Yves Orton Sat, 08 Sep 2012 12:05:58 -0700

In perl.git, the branch yves/superfasthash5 has been created

<http://perl5.git.perl.org/perl.git/commitdiff/6b3e2080fb0e74ed46bca0c58d75d9dd9dd9d8a2?hp=0000000000000000000000000000000000000000>


        at  6b3e2080fb0e74ed46bca0c58d75d9dd9dd9d8a2 (commit)

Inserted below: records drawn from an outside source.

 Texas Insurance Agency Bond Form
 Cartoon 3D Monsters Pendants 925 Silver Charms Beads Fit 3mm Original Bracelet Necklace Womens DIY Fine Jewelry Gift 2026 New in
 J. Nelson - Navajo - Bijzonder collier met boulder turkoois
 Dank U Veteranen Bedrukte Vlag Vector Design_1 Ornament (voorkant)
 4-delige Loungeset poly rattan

- Log -----------------------------------------------------------------
commit 6b3e2080fb0e74ed46bca0c58d75d9dd9dd9d8a2
Author: Yves Orton <[email protected]>
Date:   Wed Aug 29 09:47:03 2012 +0200

    Fix hash ordering dependency in DBM_Filter/t/int32.t
    
    Under the filtering rules in place undef() and "" and 0 map to a
    packed representation of 0.
    
    In the StoreData call we pass in an anonymous perl (untied) hash
    containing an "undef" key (which is actually treated as "") with a
    value of undef(), along with a key 0 with a value of 1. This hash
    will store both values as distinct key/value pairs.
    
    When this hash is used to set up the *tied* %h1 hash both the "" key
    and the 0 key will be converted into the same packed value "\0\0\0\0",
    which means that whichever is last in the each() of the input hashref
    will be the one stored in %h1.
    
    This means the test breaks if we change the PL_hash_seed or the hash
    implementation in such a way that "" comes before 0 in the keys of
    the hash.
    
    This patch changes the input test hash to verify that undef() => 1 is
    treated the same as 0 => 1, and eliminates the potential key collision.
    The reason this test was reliable in the wild is that pretty well all
    perls use a 0 hash seed and the same hash function.
    
    This test probably would have broken in other enviornments as well.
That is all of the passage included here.